[Opening Source data section]

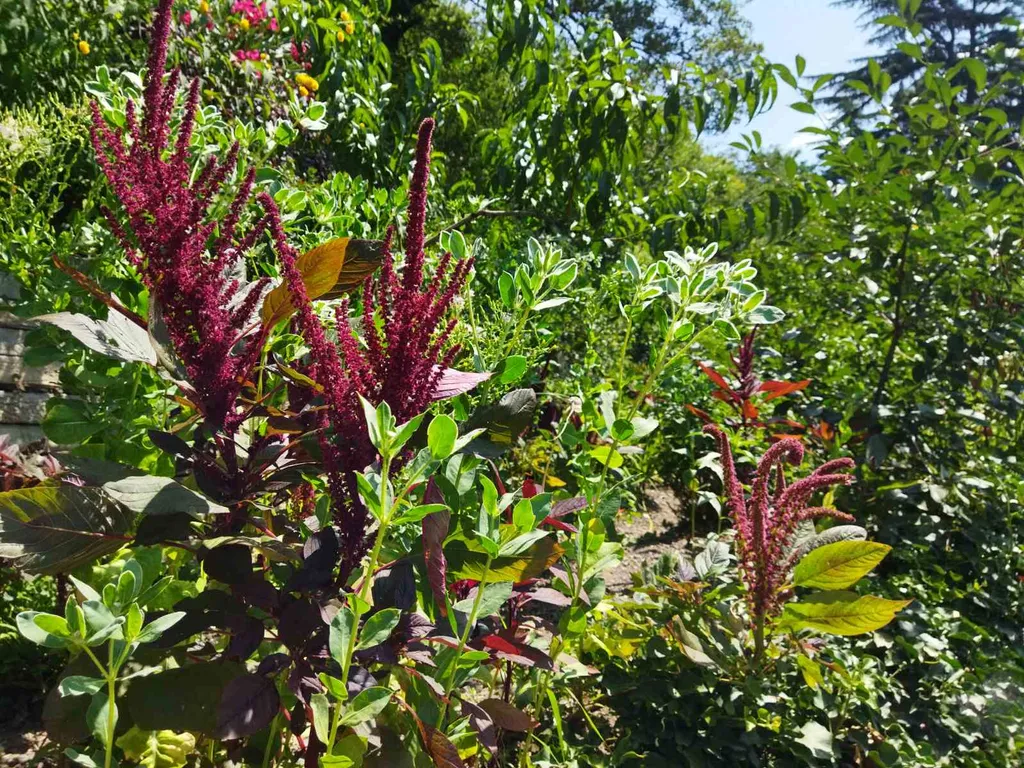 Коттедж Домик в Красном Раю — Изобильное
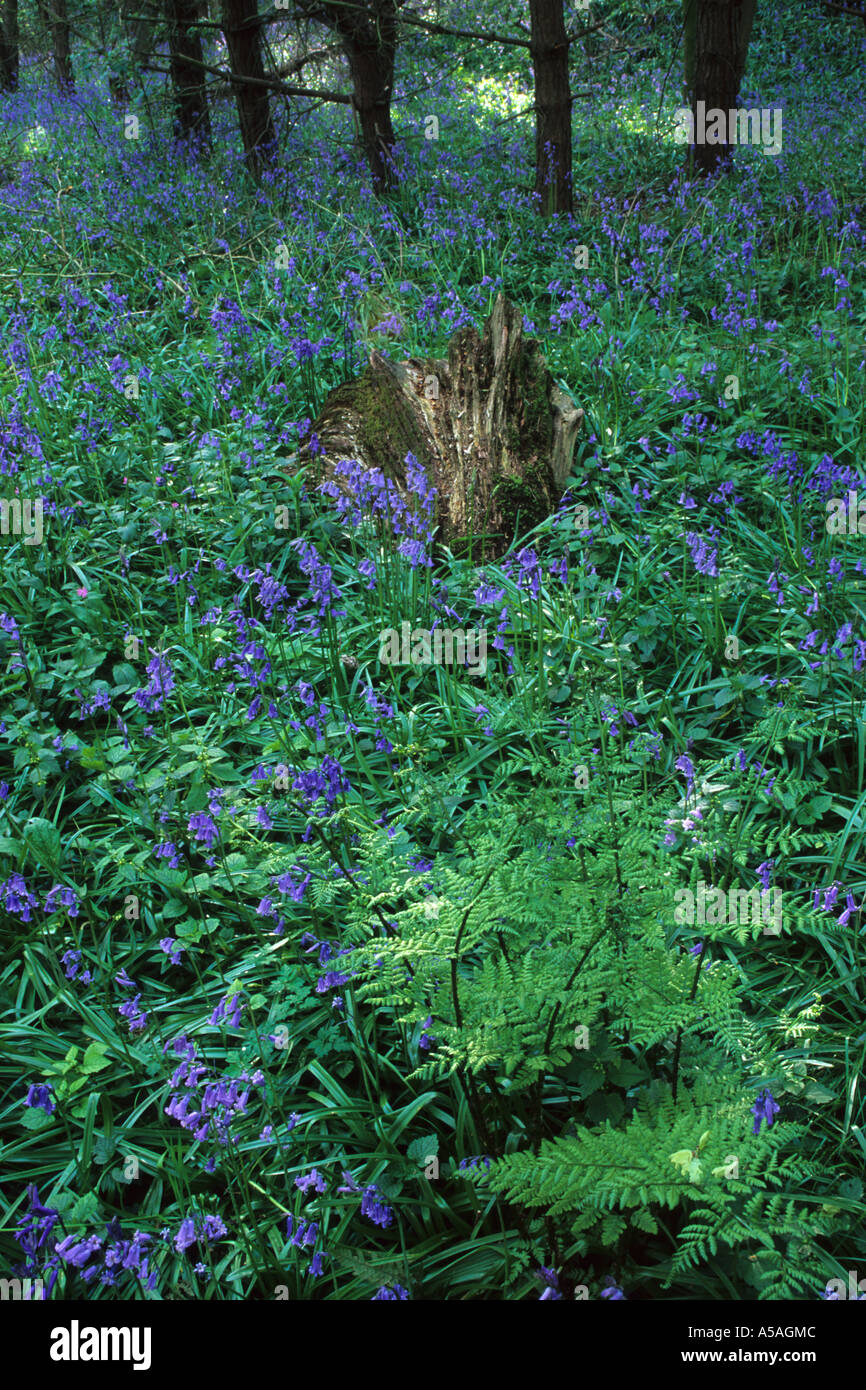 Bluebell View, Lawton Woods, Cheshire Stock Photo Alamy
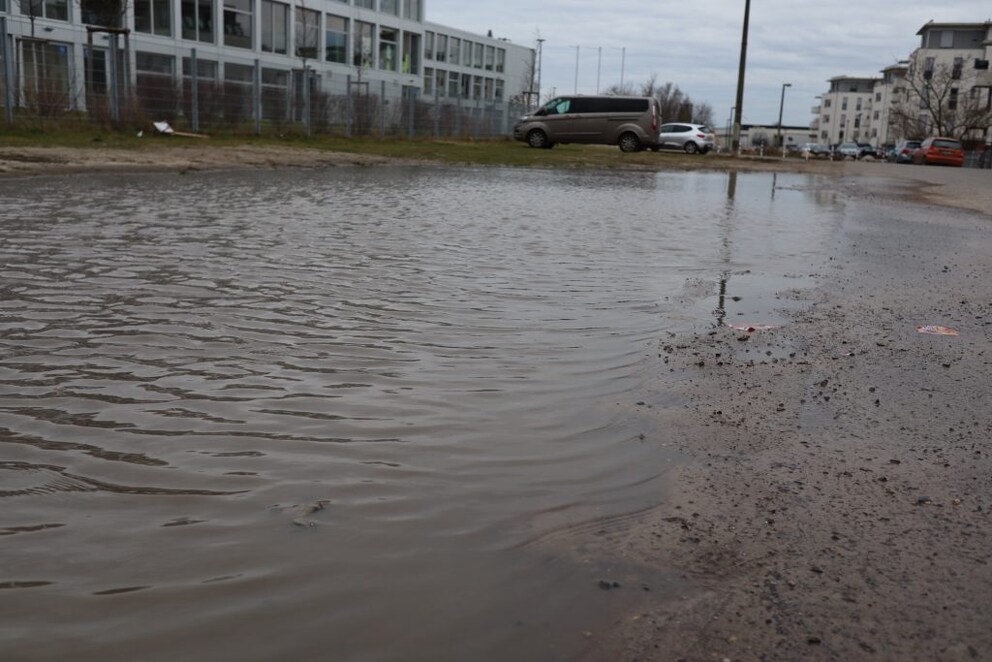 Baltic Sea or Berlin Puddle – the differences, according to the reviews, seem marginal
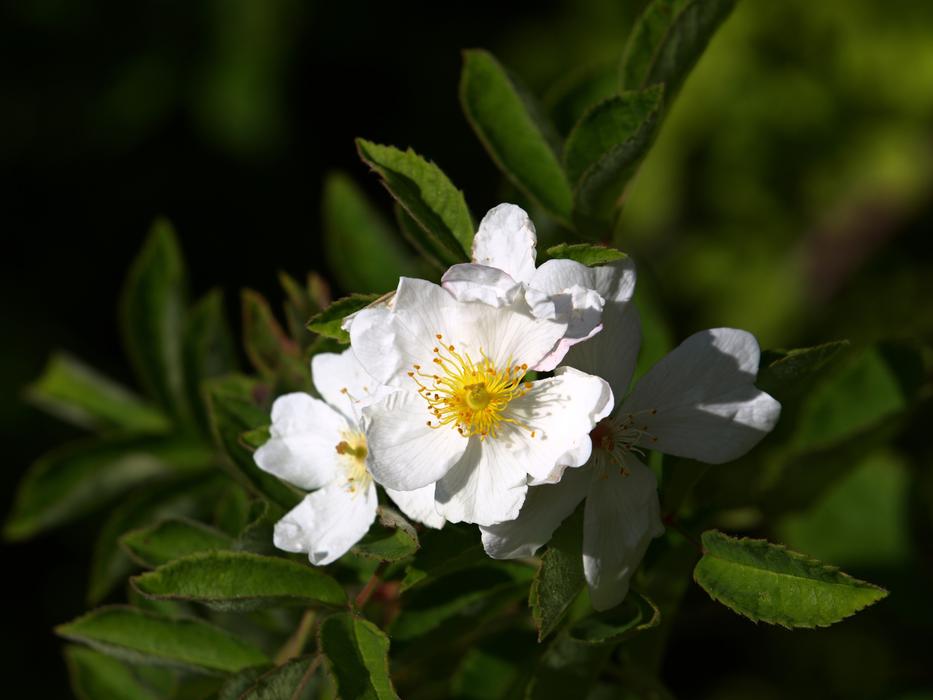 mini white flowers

[Closing Source data section]

- _Problem requirements_: Reprint the whole listing verbatim except for the pictures.

- _Output of the task_:
 Коттедж Домик в Красном Раю — Изобильное
 Bluebell View, Lawton Woods, Cheshire Stock Photo Alamy
 Baltic Sea or Berlin Puddle – the differences, according to the reviews, seem marginal
 mini white flowers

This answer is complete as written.